Sejarah Eropa mencatat bahwa agama pernah dijadikan alat oleh kaum agamawan untuk mengekalkan penindasan. Saat itu sedang berlangsung sistem masyarakat kapitalis. Pekerjaan diatur dengan sedemikian rupa, sehingga pekerja menjadi budak bagi kelas sosial yang lain. Akhirnya pekerja menyerahkan tenaga kerjanya, bahkan seluruh kehidupannya, kepada kelas pemilik modal. Pekerja harus bekerja 12 jam sehari, tetapi bayarannya sangat sedikit, hingga memaksa anak-anak dan ibu hamil pun ikut bekerja.
Selama itu semua berlangsung, anak-anak kelas lain sedang bermain biola di ruang keluarga, sambil menunggu makan malam aneka hidangan. Itu pun mereka nikmati setelah asyik berkuda dengan gembira. Ini merupakan kondisi ketimpangan dan ketidakadilan yang nyata. Di tengah kondisi di atas, kelompok agamawan justru mengajak para pekerja untuk menerima semua itu sebagai takdir. Mereka dicegah untuk melakukan perlawanan dan menuntut keadilan, sebab penindasan yang mereka alami di dunia kelak berbuah kebaikan di akhirat.

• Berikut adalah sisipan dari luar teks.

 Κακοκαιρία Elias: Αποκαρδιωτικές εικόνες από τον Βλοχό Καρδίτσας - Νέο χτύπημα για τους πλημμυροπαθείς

Itulah yang membuat Karl Marx menyatakan sebuah diktum terkenal bahwa agama adalah “opium of the people”. Itu karena agama hanya memberi ketenangan sesaat dengan mengajak orang-orang tidak peduli terhadap harta duniawi. Seolah dicitrakan bahwa agama memandang harta secara negatif. Tulisan ini akan fokus pada ayat yang menyandingkan antara term harta (al-mal) dengan term fitnah. Apabila dibaca sekilas, maka memandang harta sebagai fitnah akan membuat seseorang malas bekerja. Mereka juga tidak akan mau berjuang ketika mengalami penindasan secara ekonomi, karena merasa agama pun menyebut harta sebagai fitnah.
Harta dalam bahasa Arab diistilahkan dengan al-mâl (singular) atau al-amwâl (plural). Kata ini muncul di dalam Al-Qur`an dengan berbagai derivasi. Dalam Al-Mu’jam Al-Mufahras li Alfazh Al-Qur`an tercatat rinciannya, yaitu: Al-Mâlu (المال) 11 kali, Mâlan (مالا) 7 kali, Mâluhu (ماله) 6 kali, Mâliyah (مالية) satu kali, Al-Amwâl (الأموال) 11 kali, Amwâlan (أموالا) 3 kali, Amwâlukum (أموالكم) 14 kali, Amwaluna (أموالنا) 2 kali, dan Amwalahum (أموالهم) 31 kali.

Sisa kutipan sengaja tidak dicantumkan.